U.S. competitiveness—for that of Caterpillar and other companies—remains dependent on reforming both our education and immigration system. Although manufacturing has created upwards of 70 percent of U.S. engineering jobs, the number of U.S. graduates in the science, technology, engineering and mathematics (STEM) fields has been declining since 2003, creating a huge shortage of U.S.-born engineers, technologists and scientists.

This matters to Caterpillar because we perform more than 85 percent of our R&D in the United States, yet U.S. sales make up about 33 percent of our business. We want to keep those jobs here in the United States, but must fill the gap.

How have you been filling that gap?
We are an American company. We were founded here and we consider the United States home. However, the world is changing and our competition is global. We need access to the world’s best talent working for us—regardless of where they are from. Caterpillar has more than 100 competitors in China alone and they have great access to the engineers we need, without having to recruit from outside their home country.

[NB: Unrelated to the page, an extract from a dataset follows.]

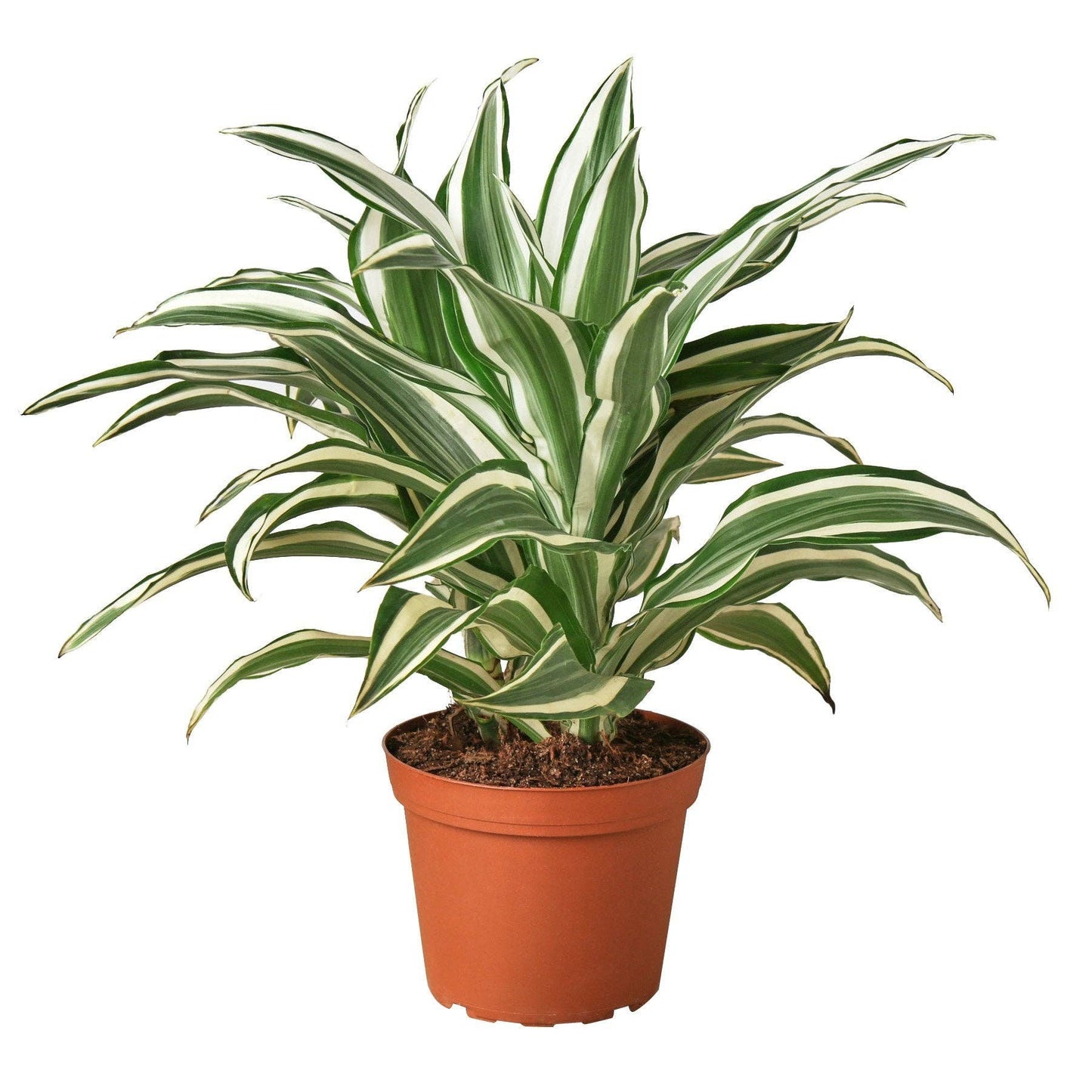 Dracaena Warneckii 'White Jewel' Live Plant: 4"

With the shortage of U.S.-born engineers, we are dependent on foreign nationals that have obtained the necessary STEM skills. Right now, the company has roughly 1,400 employees working in the United States with non-immigrant visas, including 470 employees with H-1B visas, and hundreds of employees who have obtained their green cards through Caterpillar.

Although we train foreign-born scientists and engineers when they come to work at Caterpillar, many cannot stay because of the extremely low H1-B visa allotment—which filled immediately again this year—and because of green card backlogs. So, they take that great education and go back home and work for our competitors.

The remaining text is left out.